The meeting, the first of its kind, in Paris overnight saw all of the major technology companies, 17 countries and the European Commission sign up to the call initiated by Prime Minister Jacinda Ardern and French President Emmanuel Macron, in the wake of the Christchurch attack that killed 51 people.
The action plan asks tech companies to review the operation of their algorithms that are driving users towards or amplifying terrorist content online and find ways to intervene earlier.
In order to try and prevent an attack like the one at Christchurch ever happening again, tech companies have agreed to share the effects of algorithim secrets with each other.
Ms Ardern has called on them to report progress regularly to governments.
At a news conference, Ms Ardern described the agreement as “day one” in the change the world needed.
“Never before have countries and tech companies come together in the wake of an horrific attack to commit to an action plan that will deliver collaboratively work in new technology built to make our communities ultimately safer.”
And there is to be pressure from business interests to make sure that the social media companies conduct themselves differently.
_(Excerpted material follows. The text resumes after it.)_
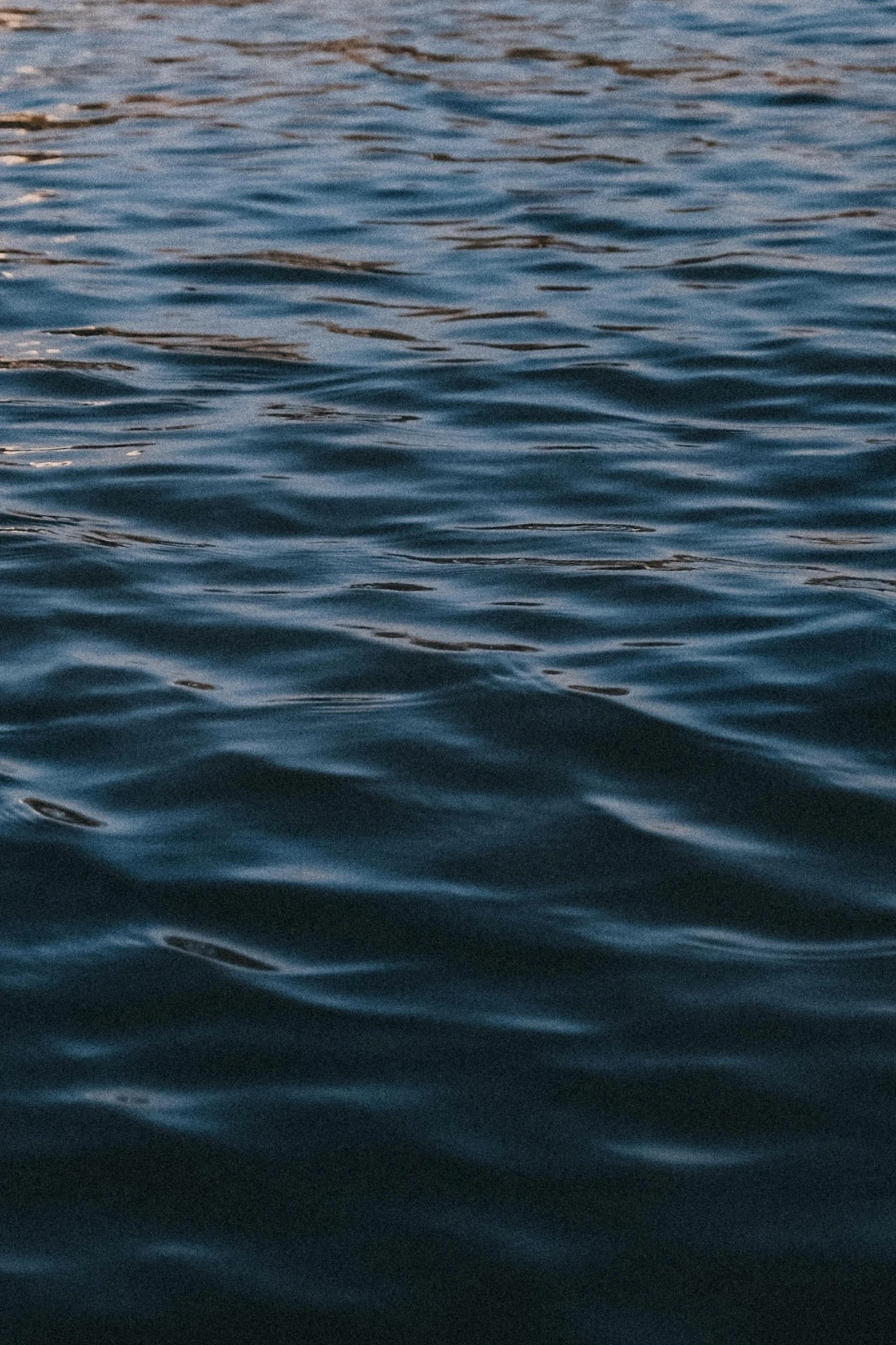 dark water waves with white clouds are the backdrop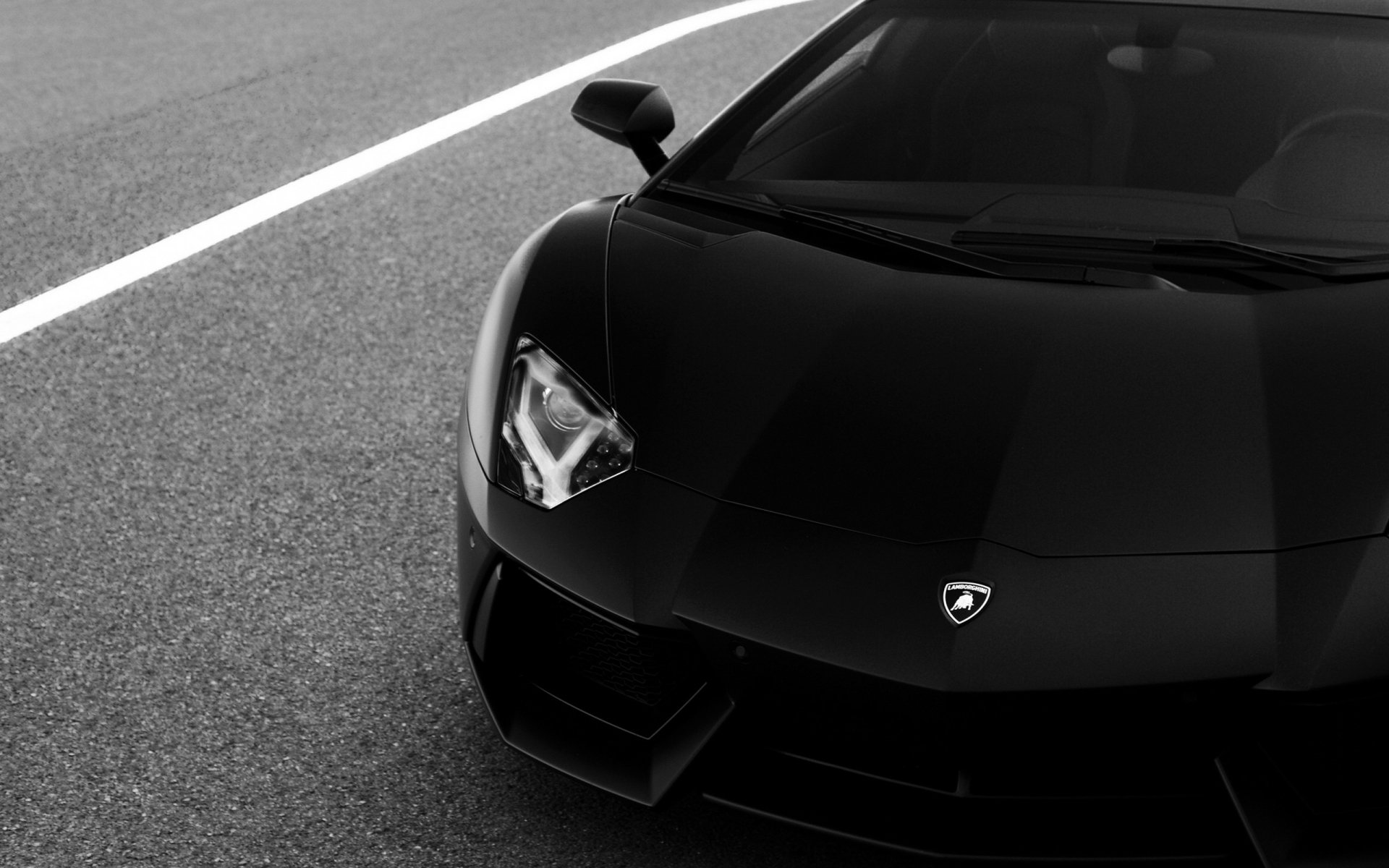 Black Lamborghini Aventador sports car on asphalt, captured in a sleek, high-definition PC desktop wallpaper background.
Again from Radio New Zealand:
New Zealand and global investors worth more than $NZ5 trillion are uniting to put pressure on companies who have signed up to the Christchurch Call.
Launched alongside the summit in Paris overnight, the New Zealand Super Fund has coordinated the investor group, worth more than 15 times the GDP of the New Zealand economy.
The group wants to get Facebook, Twitter and Google – who all have social media platforms – to strengthen controls that will prevent the live streaming and distribution of objectionable content.
They plan to raise concerns with the companies’ board and management on these issues.
The investor group is made up of 55 funds – 27 from New Zealand and 28 from across the globe.
Facebook has already announced changes with a proposal to ban users who breach rules over live streaming and the investment of funds into new video recognition software although to be frank the changes feel half hearted and are clearly not enough.
But there was one entity who did not participate in the summit or the declaration, an entity that also has worrying links to white supremacists.
Again from Radio New Zealand:
The United States has snubbed the Christchurch Call summit by not attending or endorsing the agreement.
In a statement from the White House, a spokesperson said the US stood with the international community in condemning terrorist and violent extremist content online in the strongest terms.
But it said the US was not currently in a position to join the agreement, although it supported its the overall goals.
It cited freedom of expression and freedom of the press as reasons it would not be joining the agreement, and said promoting credible, alternative narratives was the best way to defeat terrorist messaging.
Good work Jacinda. Not only has she led the country through one of its most tragic and difficult of events but she is achieving real international change.